• [Data segment]
==============================
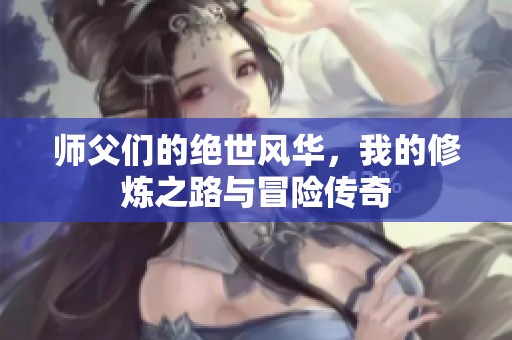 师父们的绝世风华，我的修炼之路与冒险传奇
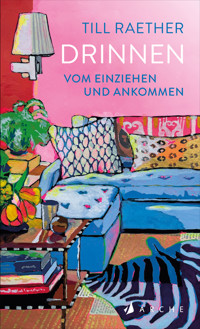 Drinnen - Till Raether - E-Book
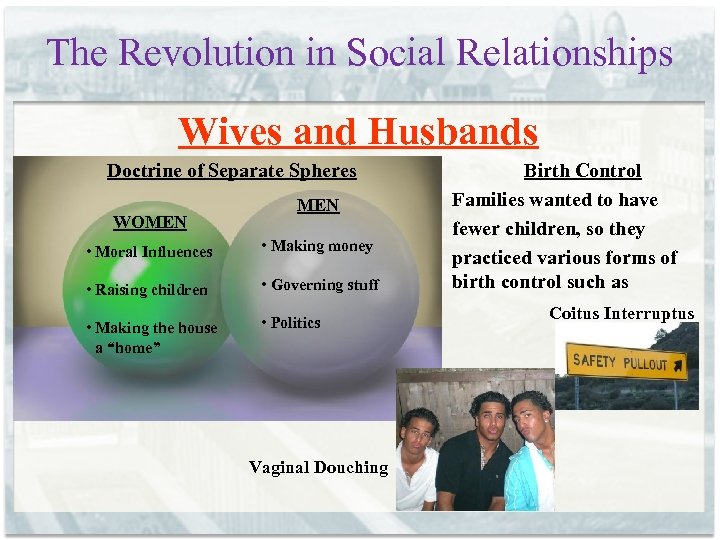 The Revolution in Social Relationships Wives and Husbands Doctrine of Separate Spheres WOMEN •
==============================
• [To do]
Transcribe exactly the portion of the material above that runs from the line containing "Drinnen - Till Raether - E-Book" through its last line, omitting all pictures.

• [Written response]
 Drinnen - Till Raether - E-Book
 The Revolution in Social Relationships Wives and Husbands Doctrine of Separate Spheres WOMEN •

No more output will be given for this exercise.